Wednesday, February 24, 2016

Mark 4:1-20

Yes, we're still in Mark 4. You're probably thinking, "Get moving, woman! Mark has plenty more to say about Jesus!"

I got kind of stuck in Mark 4:11-12. "He told them, “The secret of the kingdom of God has been given to you. But to those on the outside everything is said in parables 12 so that “‘they may be ever seeing but never perceiving,   and ever hearing but never understanding; otherwise they might turn and be forgiven!"

Recall that the larger context here is that Jesus has just told the parable of the sower and he is now sitting with just his 12 disciples. But, verses 11 and 12 are a bit tricky. For one thing, Jesus is referring back to Isaiah 6:9-10 when God said through Isaiah that He would keep people from understanding the truth until the proper time had arrived.

I'm not sure that is how Jesus is using it here. I think Jesus is speaking with frustration and irony here. In the Bible, we don't get the cues that we get from other writing, such as, Jesus answered, sounding frustrated and ironic . . .  Instead, we just get the words. 

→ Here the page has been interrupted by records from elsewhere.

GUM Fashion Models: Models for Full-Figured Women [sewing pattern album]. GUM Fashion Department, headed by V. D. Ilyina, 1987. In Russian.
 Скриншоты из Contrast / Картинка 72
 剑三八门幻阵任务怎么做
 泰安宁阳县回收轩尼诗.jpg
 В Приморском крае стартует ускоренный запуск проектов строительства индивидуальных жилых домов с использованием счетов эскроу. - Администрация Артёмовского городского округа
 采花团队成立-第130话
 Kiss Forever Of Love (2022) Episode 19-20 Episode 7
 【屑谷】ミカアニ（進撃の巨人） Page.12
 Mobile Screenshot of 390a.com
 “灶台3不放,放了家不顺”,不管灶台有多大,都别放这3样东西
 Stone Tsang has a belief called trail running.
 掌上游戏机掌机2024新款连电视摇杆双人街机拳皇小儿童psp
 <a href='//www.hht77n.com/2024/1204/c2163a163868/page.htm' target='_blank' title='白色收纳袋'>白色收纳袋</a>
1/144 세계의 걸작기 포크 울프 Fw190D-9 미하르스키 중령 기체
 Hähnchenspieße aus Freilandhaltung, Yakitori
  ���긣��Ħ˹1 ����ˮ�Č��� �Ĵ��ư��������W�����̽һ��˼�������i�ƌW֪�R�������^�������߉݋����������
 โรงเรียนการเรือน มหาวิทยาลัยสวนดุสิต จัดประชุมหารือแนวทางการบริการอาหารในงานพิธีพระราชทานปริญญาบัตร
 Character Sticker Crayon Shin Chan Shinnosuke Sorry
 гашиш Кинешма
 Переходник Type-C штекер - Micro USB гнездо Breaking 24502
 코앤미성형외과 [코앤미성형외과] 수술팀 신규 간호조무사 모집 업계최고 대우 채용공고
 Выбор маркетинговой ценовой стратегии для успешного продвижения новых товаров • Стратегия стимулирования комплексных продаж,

After reading a few commentaries and wrestling with it myself, I've come to the conclusion that Jesus was probably throwing his arms out to show off the entire crows and saying in a frustrated tone, "See, they don't get it, even when I speak in parables so that "they may be ever seeing but never perceiving, and ever hearing, but never understaing; otherwise they might turn and be forgiven." But, for you close followers, I'll spell out the parable for you.

When we read the ancient and rather sparse literature which comes to us with little embellishment, we have to read between the words to figure out what was really happening there.

Now, after I've spilled all of this digital ink, let me say that there are plenty more interpretations of this set of verses than just mine. Rosie Girl discussed this in her Christianity class the other day. Rosie Girl interprets it as Jesus saying that he's coming to do new thing and that nothing is going to be the same anymore.

So, let's open it up for questions. What do you think? Answer in the comments, on FB, or on Twitter!


1 comment:

Lydia Martin said...

Rosie Girl:

Okay, what I think I actually said was, "He was using the parables as a catalyst for critical thinking, to encourage the Jews he was teaching to think outside of their beliefs to try and understand"

If I didn't, that's what I meant to say.